Dataset entries
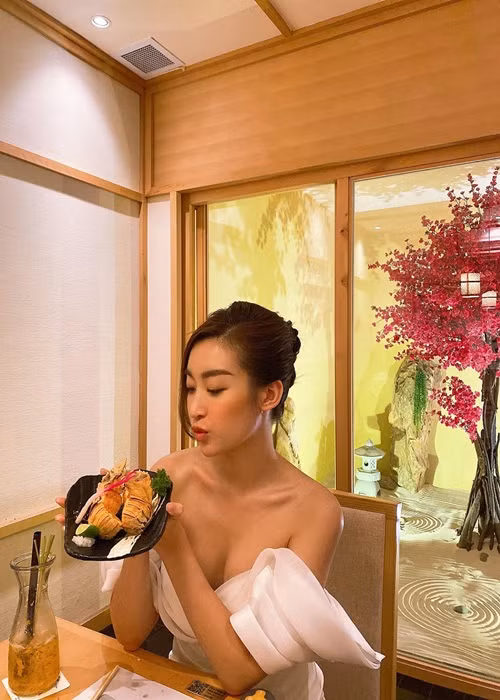 "Tôi rất thích chị Đặng Thu Thảo và hâm mộ chuyện tình của chị ấy với anh Trung Tín. Tôi nghĩ đó là điều mà bất kỳ cô gái nào cũng mong muốn: "Một cô Lọ Lem gặp được chàng hoàng tử của đời mình". Nếu trong tương lai, tôi gặp được một người đàn ông tốt và phù hợp thì đó luôn là ước mơ không chỉ của riêng tôi mà còn với tất cả các cô gái", Mỹ Linh nói.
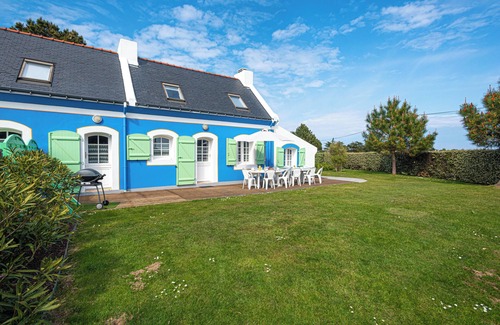 Bangor House | Homerez - Charming House in Bangor with Garden and Fireplace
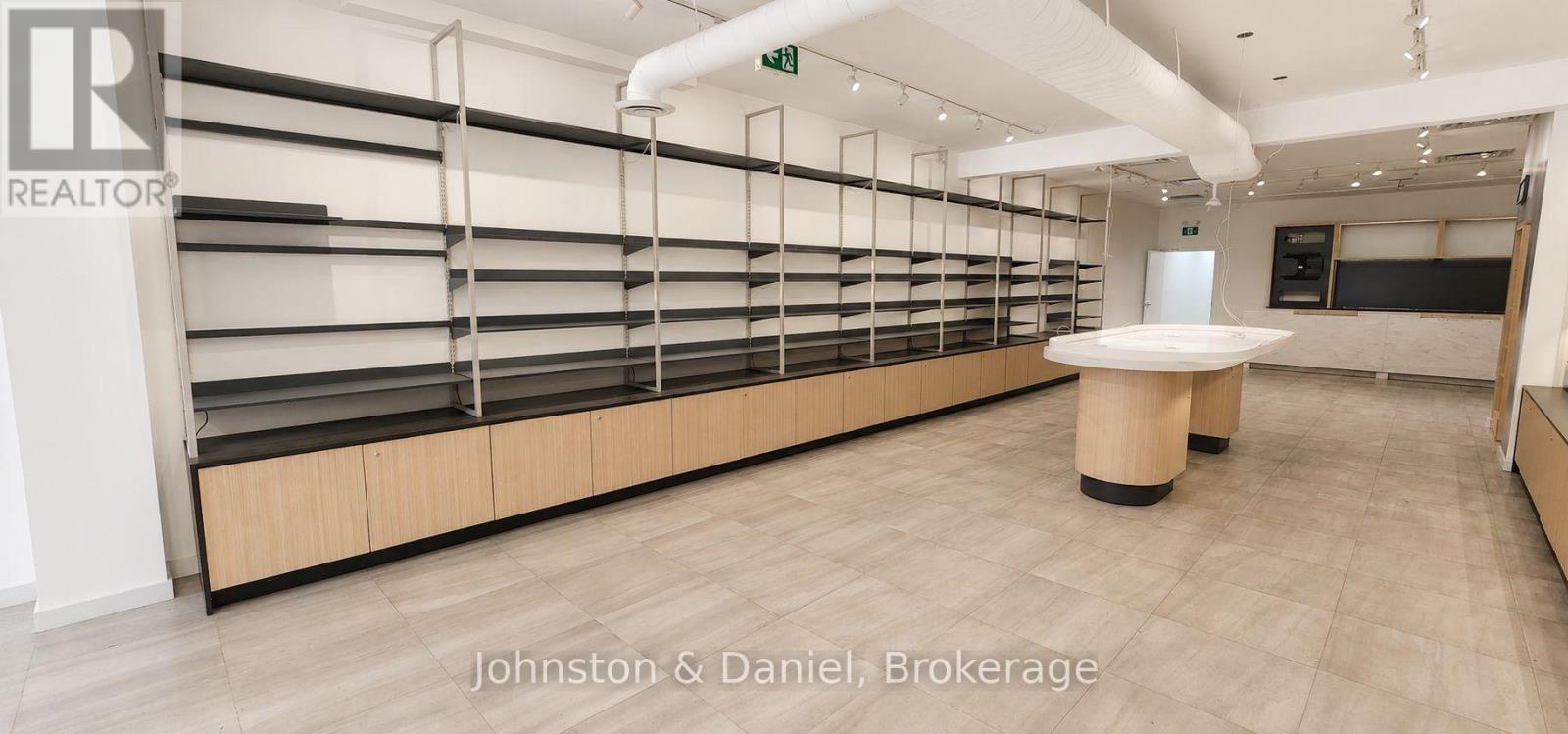 Retail - 2577 Yonge Street Property Photo 2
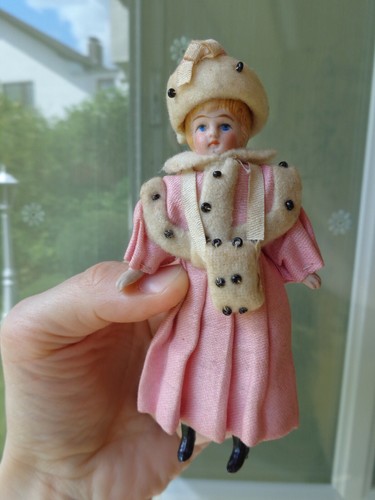 Poupée ancienne mignonnette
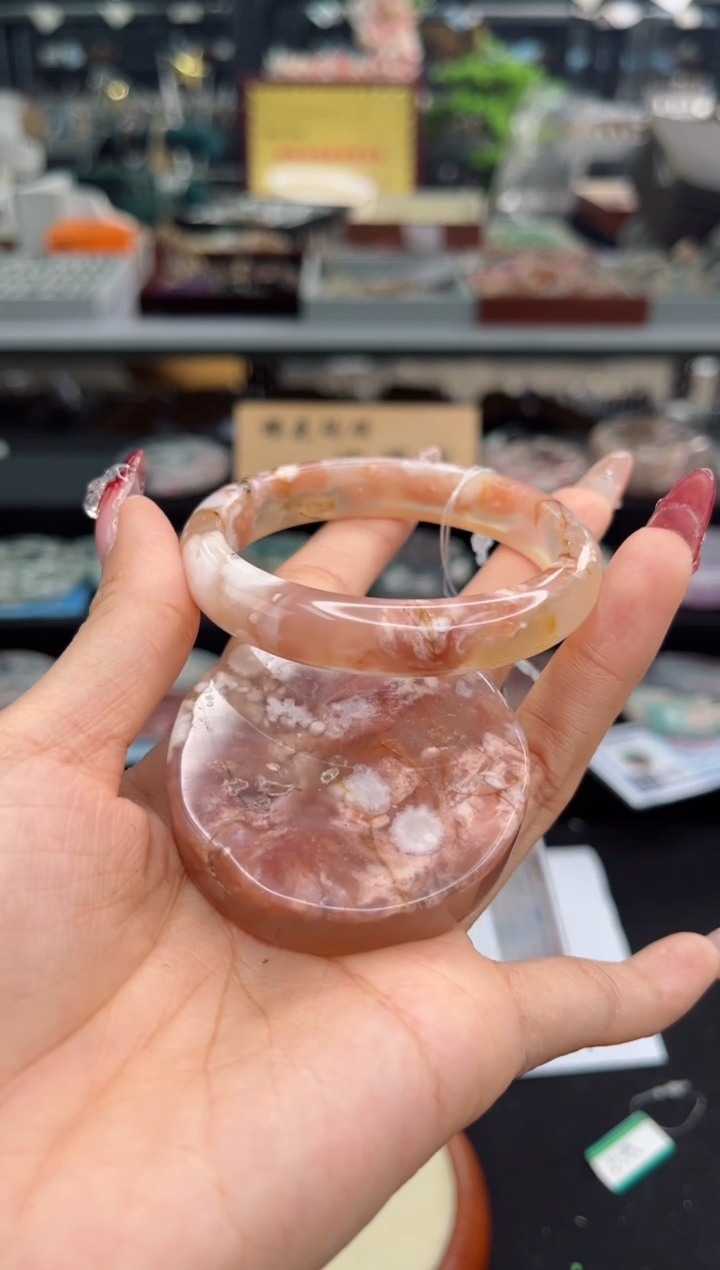 【闪购商品】石英质玉手镯未镶嵌54圈口（赠品镯心）6284257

- Work required: When you copy the data, keep every line exact and drop the pictures.

- Answer to this exercise:
 "Tôi rất thích chị Đặng Thu Thảo và hâm mộ chuyện tình của chị ấy với anh Trung Tín. Tôi nghĩ đó là điều mà bất kỳ cô gái nào cũng mong muốn: "Một cô Lọ Lem gặp được chàng hoàng tử của đời mình". Nếu trong tương lai, tôi gặp được một người đàn ông tốt và phù hợp thì đó luôn là ước mơ không chỉ của riêng tôi mà còn với tất cả các cô gái", Mỹ Linh nói.
 Bangor House | Homerez - Charming House in Bangor with Garden and Fireplace
 Retail - 2577 Yonge Street Property Photo 2
 Poupée ancienne mignonnette
 【闪购商品】石英质玉手镯未镶嵌54圈口（赠品镯心）6284257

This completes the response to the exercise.